By Jennifer Amsler
Arizona Daily Wildcat
Thursday, April 14, 2005
The president of the Sigma Pi fraternity said yesterday the rape accusations the University of Arizona Police Department are investigating did not involve any members of the organization, even though it allegedly happened at the fraternity house.
"On behalf of the entire fraternity, I would like to state that the individual(s) involved in this alleged accusation are neither members of the fraternity nor of the greek community," said Joe DiVita, president of Sigma Pi, in the chapter's official statement in an e-mail.
Police are investigating rape allegations reported early Saturday morning at the Sigma Pi fraternity house, 1525 E. Drachman St.
Since the allegations are still under investigation, police could not release information regarding the male suspect's possible status as a fraternity member or a UA student.
DiVita, who is the official fraternity spokesman, said he could not release information about the person or persons under investigation because the chapter is trying to fully cooperate with UAPD.
"A rape allegation must be taken very seriously," DiVita said. "We strive for chivalry in all situations."
DiVita said the fraternity continually invites guest speakers to talk about sexual awareness and issues such as date rape.
Sigma Pi members are cooperating with the UAPD investigation by encouraging witnesses to come forward and asking anyone who was at the fraternity early Saturday morning to reveal any information they might have seen, DiVita said.
He said fraternity members keep an eye on non-members when they are inside the Sigma Pi house, and he could not say if the suspect or suspects were friends with any of the fraternity members or why they were at the house Saturday morning.
"We try to monitor their behavior as much as we can," DiVita said.
DiVita said making sure women feel safe while they are at the house is "probably the most important thing."
Sgt. Eugene Mejia, UAPD spokesman, said reports of on-campus rapes are not common.
"Our biggest problem with students reporting rapes has been off campus," Mejia said.
In 2004, two individuals filed a police report stating they were raped on campus, the fewest in a span of five years.

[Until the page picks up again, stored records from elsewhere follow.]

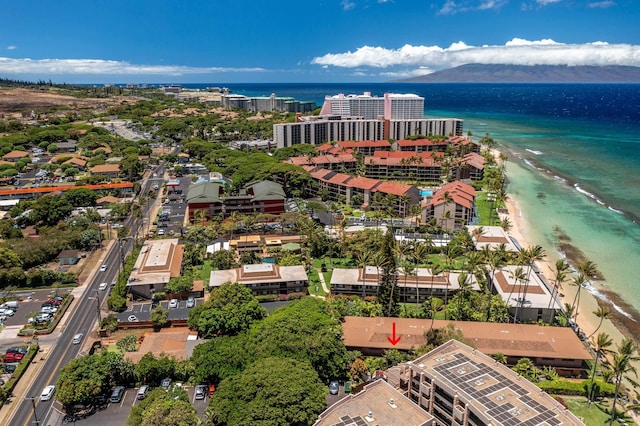 aerial view featuring a water view and a view of the beach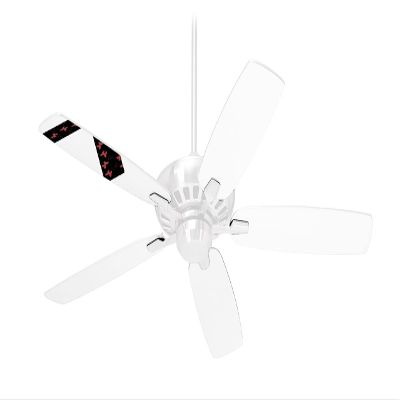 Pastel Butterflies Red on Black - Ceiling Fan Skin Kit fits most 42 inch fans (FAN and BLADES SOLD SEPARATELY)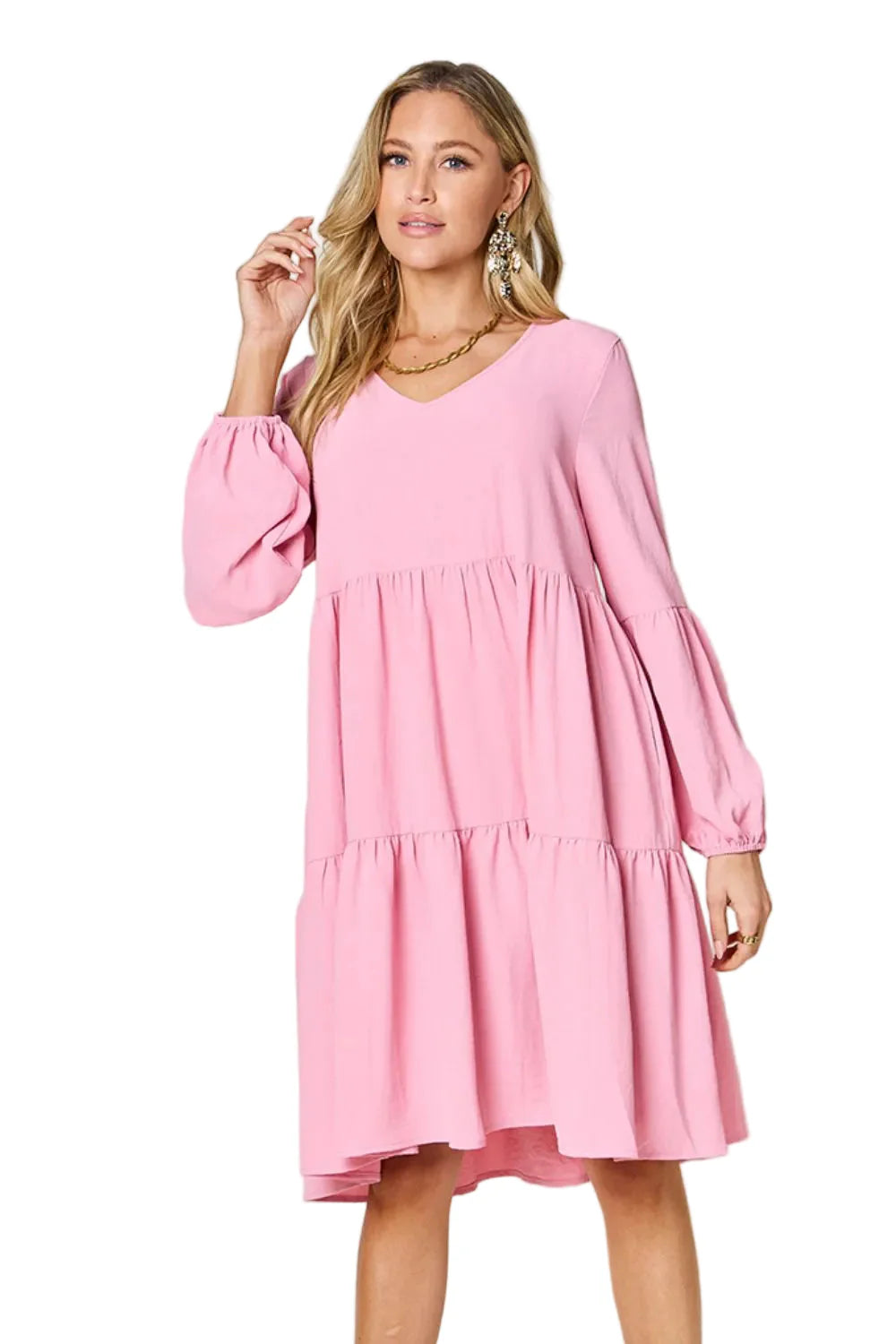 Full-Size V-Neck Balloon Sleeve Tiered Dress with Pockets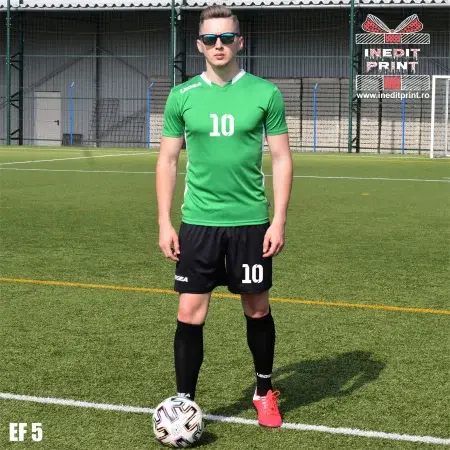 Echipament fotbal copii si adulti EF2 L, Tricou verde, șort negru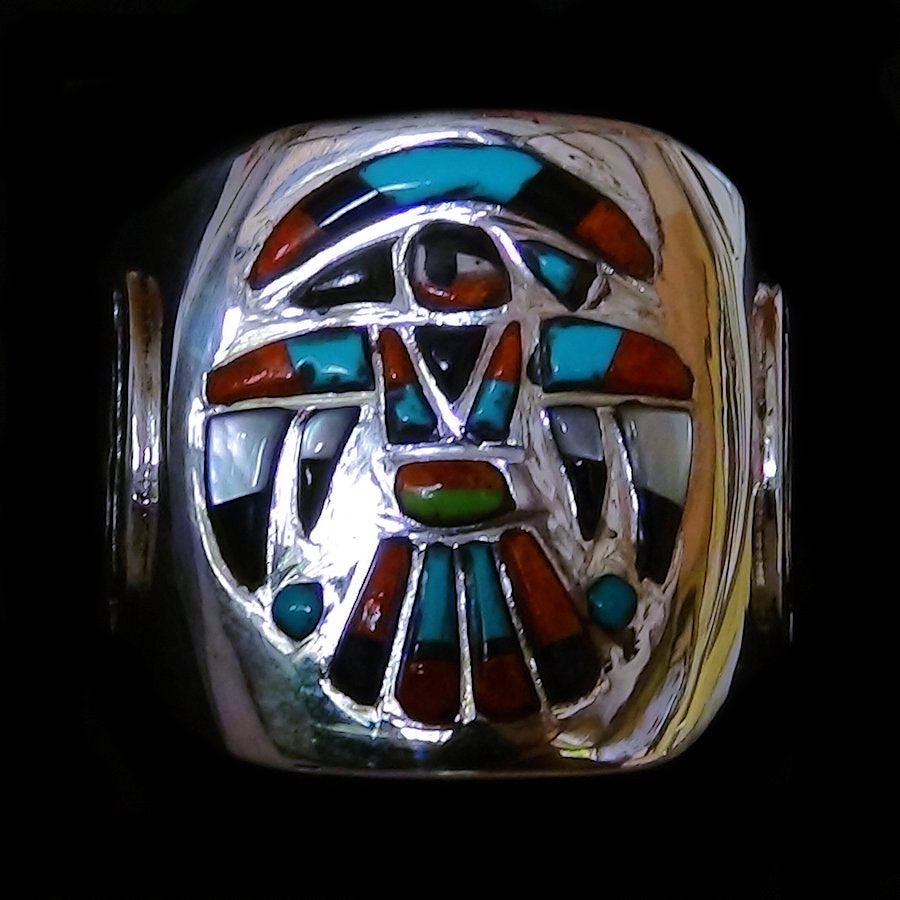 Bague Chevalière Tunderbird Overlay en Argent Pour Homme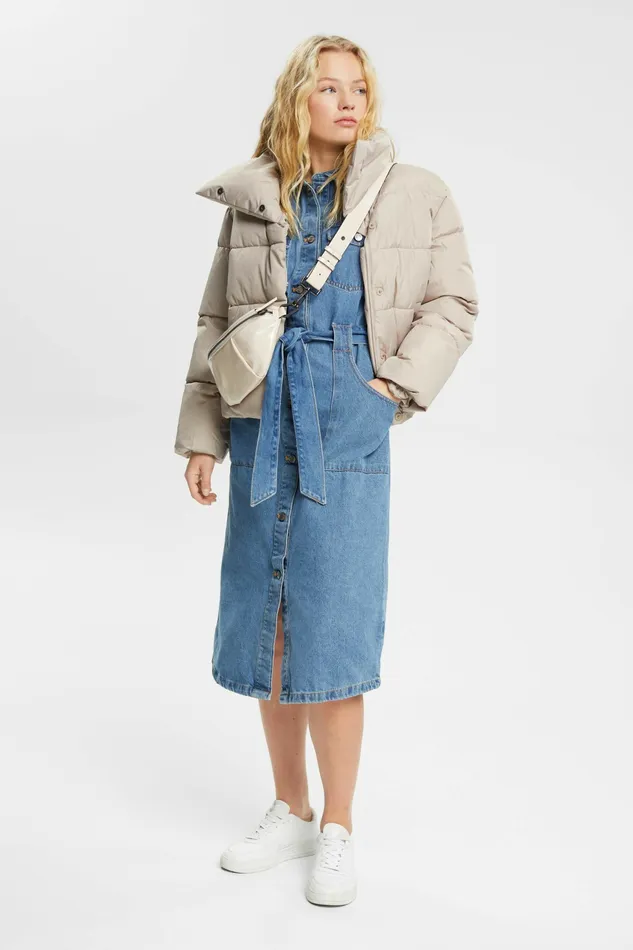 Dresses Jumpsuits Women Esprit Denim Dress With Tie Belt Blue Light Wash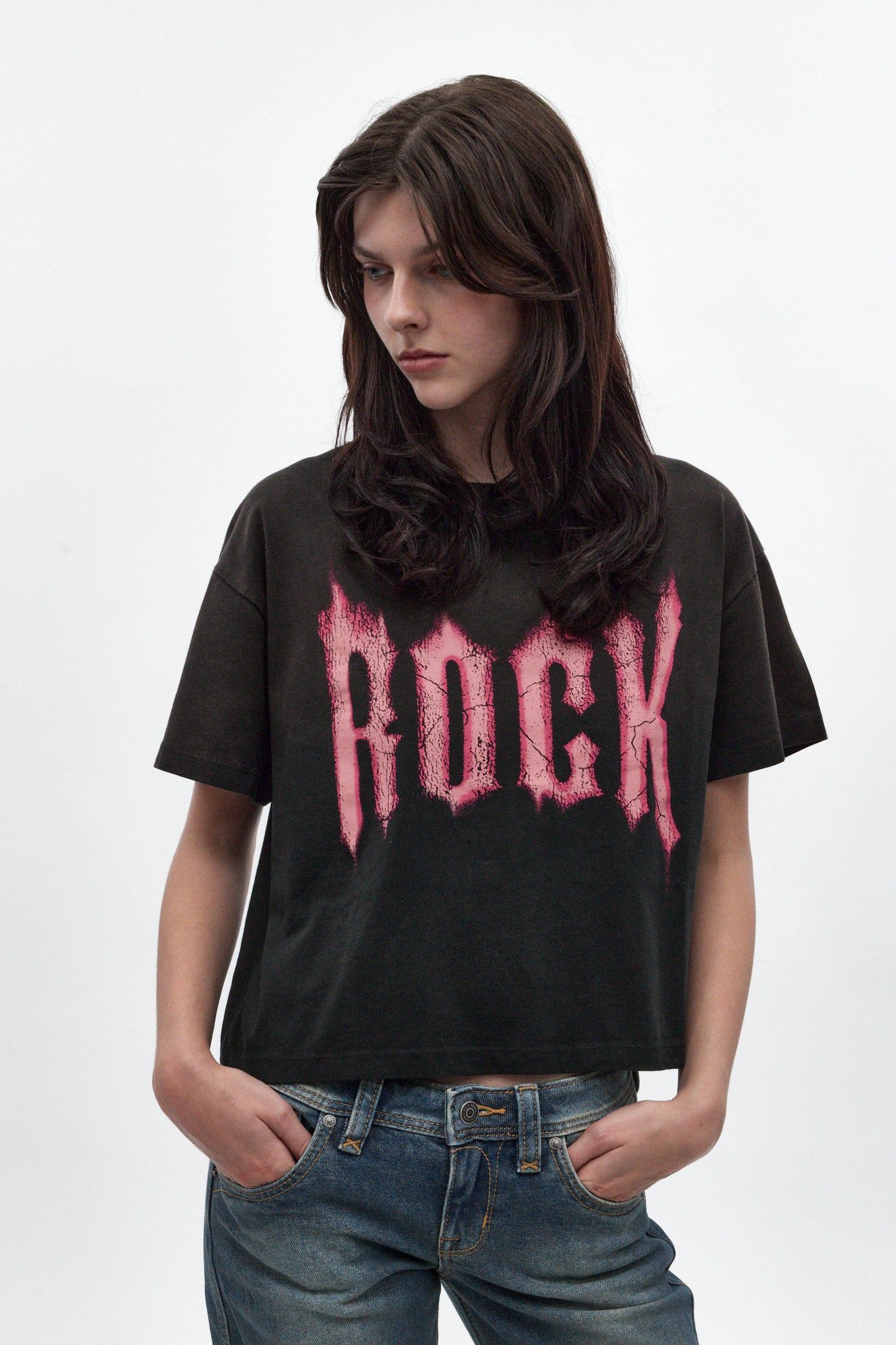 Rock Graphic Boxy Tee in Washed Black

Six individuals reported a rape in 2003, up from five reported cases in 2002, four in 2001 and three in 2000, according to UAPD statistics.
Although police cannot release information because the case is still under investigation, Mejia said it is the department's duty to the university to look into the case as fairly and thoroughly as possible.
"It's extremely important for any investigators to do the best job possible," Mejia said. "It's what we get paid to do."